И вдруг ей стало легче.
Теперь уж не она кричала, кто-то другой, от нее отделившийся, слабенький и мокрый. Она улыбалась устало и просветленно и немощно тянула к нему ослабевшие руки.
— Кто там? — спрашивала едва различимым медленным шепотом.
— Сын! Иванко! Ишь крикун какой! В мамку! — показав ей младенца, радостно оскалился Барма. — Теперь двое ругать меня станете…
— Дай его мне, дай!
— Обожди… Дай человеку умыться, убрать с себя все лишнее.
Прокалив на костре топорик, Барма отнял пуповину, перевязал ниткой и, укутав сына, подал его Даше.
— Сын у меня! Охо-хо! Сы-ынн! — заблажил он на весь остров.
Мужики бросили разгрузку и, схватив на руки счастливого отца, стали подбрасывать.

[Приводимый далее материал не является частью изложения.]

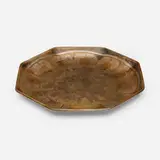 Jean Dunand, Octagonal Dinanderie tray, c. 1925, patinated copper, maillechort, silver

Митя, вскочив на искореженную палубу, зарядил пушку и выпустил в светлеющее небо ядро. Шипя и ворочаясь, оно летело над волнами, пока не затерялось где-то в пространстве.
Гонька записал в журнале:
«Ураган был. Смыло Матюшу. Нас выбросило на неведомый остров. Тут сын у Тимы родился, Иванко».
Пропал один матрос — явился другой. Он явился под ураганный вой. Купелью его стал океан, крестными — Митя, Бондарь и братья Гусельниковы. Радуясь крестнику, печалились о Матвее, которого все любили за доброту и наивность. Из одиннадцати братьев он был, наверное, самый бесхитростный, самый бескорыстный. Что ни попросишь, не задумываясь отдаст. Его так и прозвали: «Возьми». И вот не стало «Возьми», и каждый из братьев, бодрясь при строгом Егоре, наедине вздыхал
— Давайте на острове поищем, — предложил Митя.
— Сперва устроиться надо, — возразил Егор, которому тоже не терпелось кинуться на поиски брата. Однако порядок есть порядок.
— Чо устраиваться-то? Вон плавник — натаскаем, будет избушка, — оглядев берег, сказал Бондарь.
— А Дарья с младенцем до той поры на ветру стынуть будут?
Среди перенесенного со шхуны имущества нашлась более или менее сухая шкура. Егор приказал братьям рыть яму. Барму, поглупевшего от счастья, вместе с Бондарем послал вылавливать бревна. Бревна, связав, установили вокруг ямы конусом, аккуратно обложив дерном. Из тонких жердей сколотили дверь, обтянув ее шкурой. Внутри изладили нары, вместо печки приспособив железную коробушку.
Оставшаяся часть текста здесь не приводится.